* EXERCISE PROMPT
Where the material below has a line containing "Wearing a monkey", start repeating exactly, and keep going through the line containing "Levandulové bavlněné kraťasy", with no other lines.
===
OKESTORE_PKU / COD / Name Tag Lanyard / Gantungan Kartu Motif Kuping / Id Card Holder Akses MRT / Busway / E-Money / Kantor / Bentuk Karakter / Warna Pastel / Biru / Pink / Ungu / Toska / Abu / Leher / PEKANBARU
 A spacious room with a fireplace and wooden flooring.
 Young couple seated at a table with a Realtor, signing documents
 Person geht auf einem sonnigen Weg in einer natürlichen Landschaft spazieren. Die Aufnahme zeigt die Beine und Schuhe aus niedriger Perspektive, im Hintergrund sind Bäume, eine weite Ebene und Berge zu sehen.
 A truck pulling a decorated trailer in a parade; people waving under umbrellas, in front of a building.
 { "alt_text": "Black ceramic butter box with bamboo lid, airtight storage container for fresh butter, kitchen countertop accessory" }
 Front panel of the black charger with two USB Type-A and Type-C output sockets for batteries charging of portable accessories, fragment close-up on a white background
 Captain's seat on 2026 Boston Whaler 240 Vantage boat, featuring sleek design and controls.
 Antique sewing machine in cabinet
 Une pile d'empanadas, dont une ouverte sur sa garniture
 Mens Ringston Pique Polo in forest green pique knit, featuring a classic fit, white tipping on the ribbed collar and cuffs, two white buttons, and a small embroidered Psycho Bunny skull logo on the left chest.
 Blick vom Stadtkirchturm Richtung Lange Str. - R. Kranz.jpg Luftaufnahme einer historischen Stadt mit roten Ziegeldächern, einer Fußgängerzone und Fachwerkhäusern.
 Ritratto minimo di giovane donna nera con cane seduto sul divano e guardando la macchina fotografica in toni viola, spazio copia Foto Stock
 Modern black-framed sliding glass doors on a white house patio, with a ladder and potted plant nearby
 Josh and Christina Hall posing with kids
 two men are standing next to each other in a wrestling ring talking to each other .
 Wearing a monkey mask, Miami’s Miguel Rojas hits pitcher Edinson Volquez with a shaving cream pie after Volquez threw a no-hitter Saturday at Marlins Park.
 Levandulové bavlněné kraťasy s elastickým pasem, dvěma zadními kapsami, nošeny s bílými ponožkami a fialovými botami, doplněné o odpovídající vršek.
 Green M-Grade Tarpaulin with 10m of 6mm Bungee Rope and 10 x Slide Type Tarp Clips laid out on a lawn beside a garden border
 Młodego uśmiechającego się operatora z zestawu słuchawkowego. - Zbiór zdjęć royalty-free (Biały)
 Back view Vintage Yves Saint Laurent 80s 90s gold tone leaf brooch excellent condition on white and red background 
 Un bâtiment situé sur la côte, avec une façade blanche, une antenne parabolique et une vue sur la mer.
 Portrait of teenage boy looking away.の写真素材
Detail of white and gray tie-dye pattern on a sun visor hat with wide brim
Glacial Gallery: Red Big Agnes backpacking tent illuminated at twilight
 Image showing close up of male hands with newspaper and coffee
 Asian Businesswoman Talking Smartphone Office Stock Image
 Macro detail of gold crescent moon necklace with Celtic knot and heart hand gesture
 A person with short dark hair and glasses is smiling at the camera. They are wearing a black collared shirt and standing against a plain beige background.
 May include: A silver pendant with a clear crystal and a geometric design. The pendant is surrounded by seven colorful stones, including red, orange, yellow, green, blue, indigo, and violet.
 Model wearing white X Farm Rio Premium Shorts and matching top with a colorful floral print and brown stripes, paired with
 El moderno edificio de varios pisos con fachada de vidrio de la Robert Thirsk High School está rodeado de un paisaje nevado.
===
* YOUR SOLUTION
 Wearing a monkey mask, Miami’s Miguel Rojas hits pitcher Edinson Volquez with a shaving cream pie after Volquez threw a no-hitter Saturday at Marlins Park.
 Levandulové bavlněné kraťasy s elastickým pasem, dvěma zadními kapsami, nošeny s bílými ponožkami a fialovými botami, doplněné o odpovídající vršek.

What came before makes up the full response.